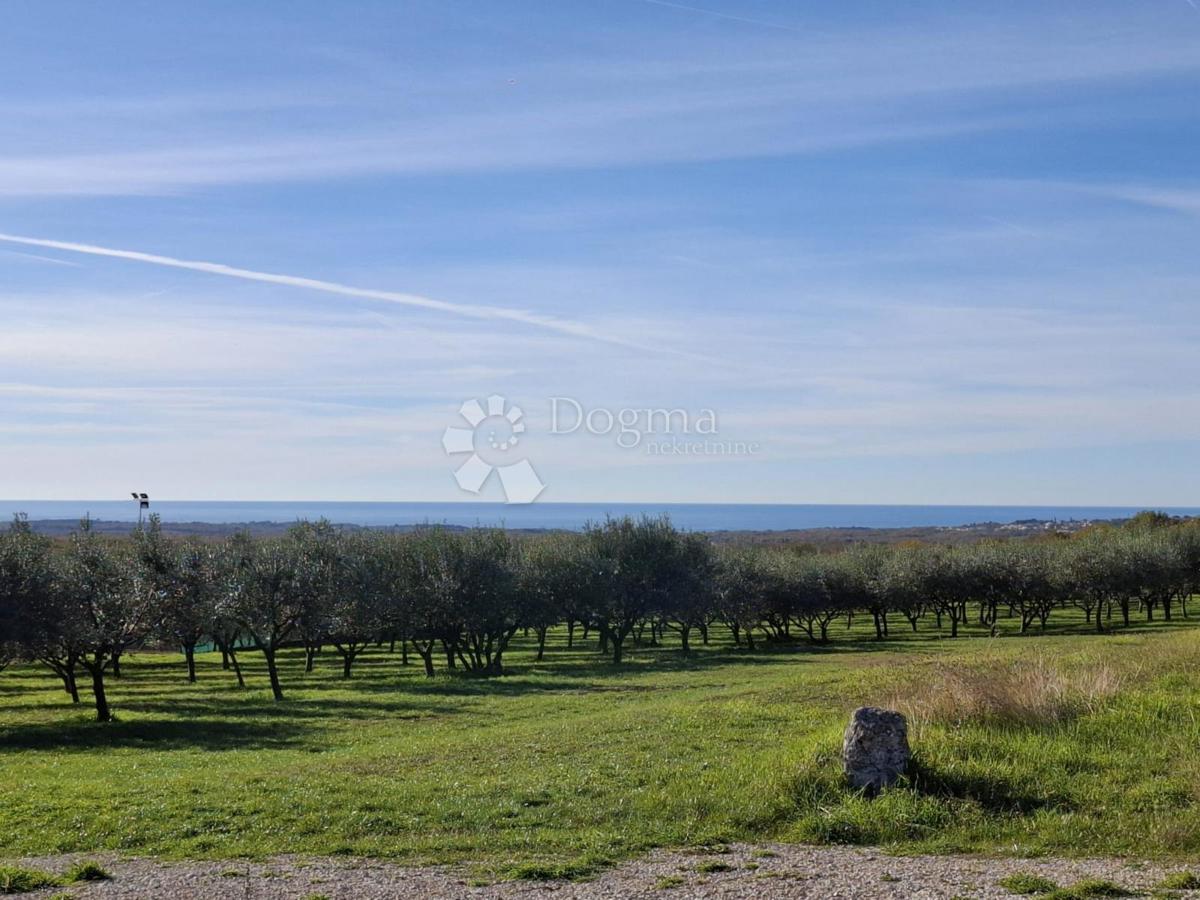 Участок POREČ, 156.000 €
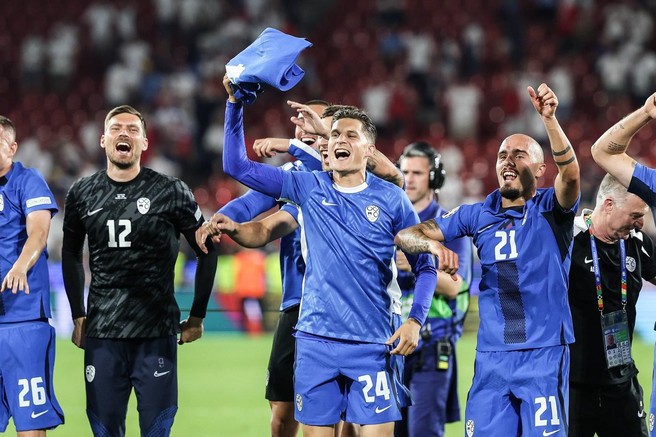Ste se kdaj vprašali, kaj trenutno doživljajo slovenski nogometaši?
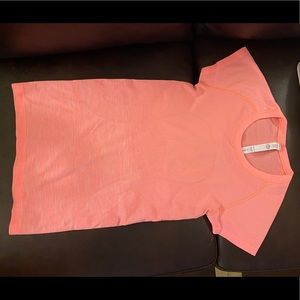 Lululemon size 4 shirt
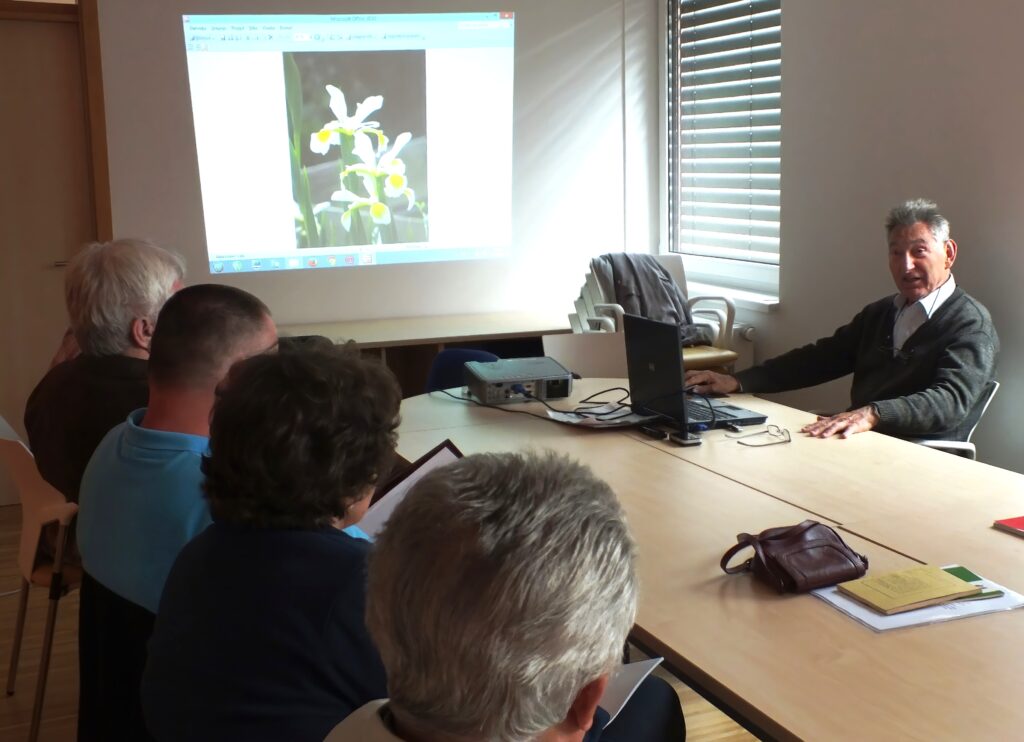 Izidor Golob predava članom EDM o perunikah in maslenicah, 14. aprila 2016 (foto Z. Kokanović)
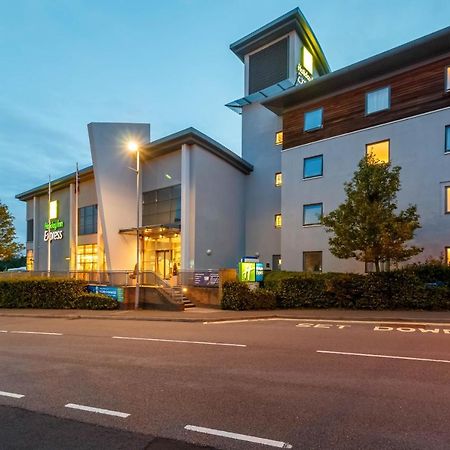 Holiday Inn Express Walsall M6, J10 By Ihg Exterior photo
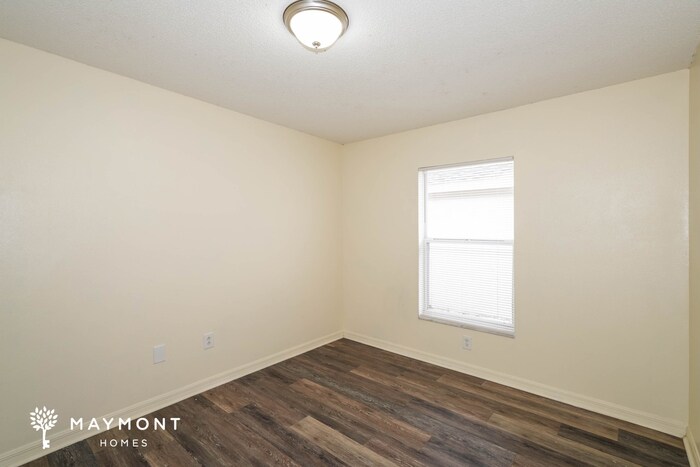 Building Photo - 6100 Pointe Pleasant Blvd
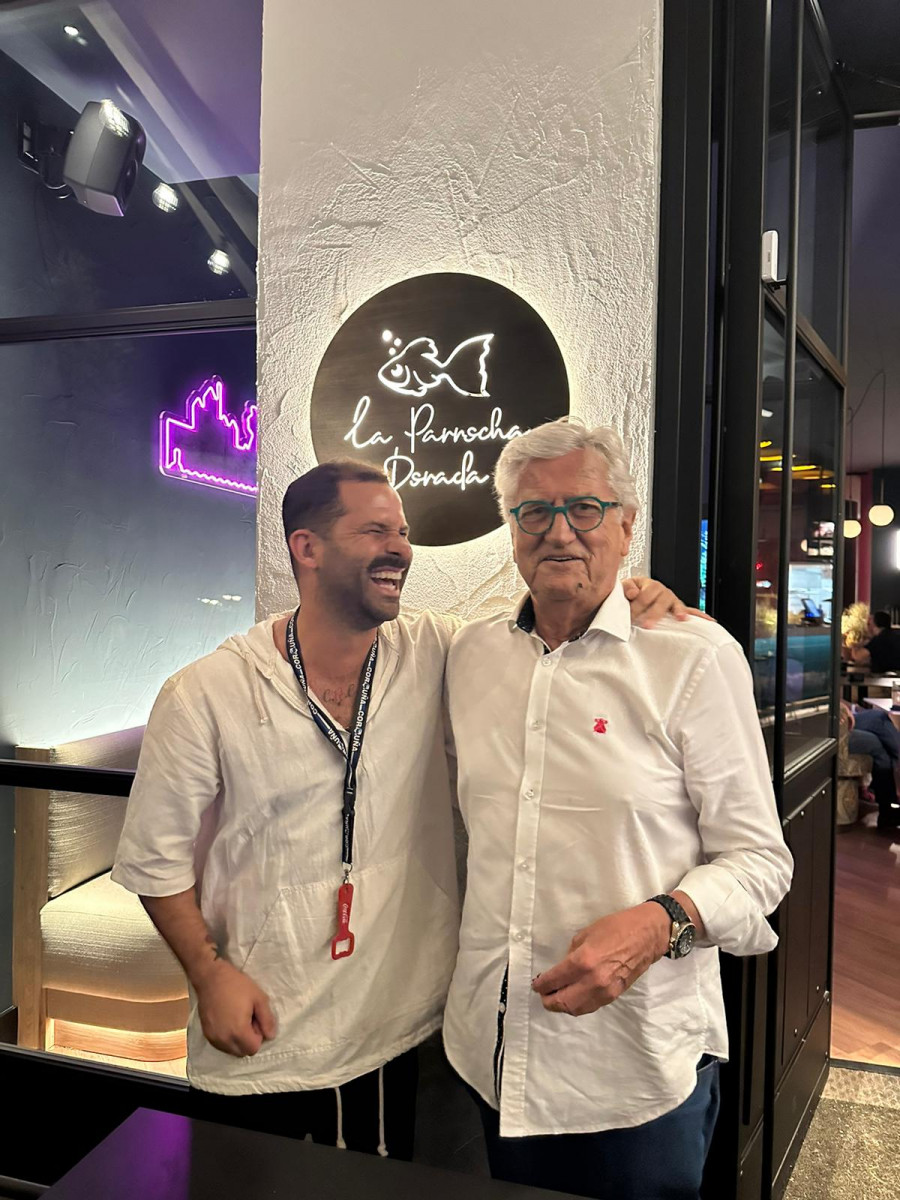 Pepe Domingo Castaño evoca sus tiempos de Goldenfish en La Parrocha Dorada de Santa Cristina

ASSIGNMENT ▸ In the records above, find the line with "Ste se kdaj" and the line with "Building Photo - 6100 Pointe Pleasant Blvd", then restate word for word only those two lines and all lines between, omitting pictures.

ANSWER TO THIS PROBLEM ▸
Ste se kdaj vprašali, kaj trenutno doživljajo slovenski nogometaši?
 Lululemon size 4 shirt
 Izidor Golob predava članom EDM o perunikah in maslenicah, 14. aprila 2016 (foto Z. Kokanović)
 Holiday Inn Express Walsall M6, J10 By Ihg Exterior photo
 Building Photo - 6100 Pointe Pleasant Blvd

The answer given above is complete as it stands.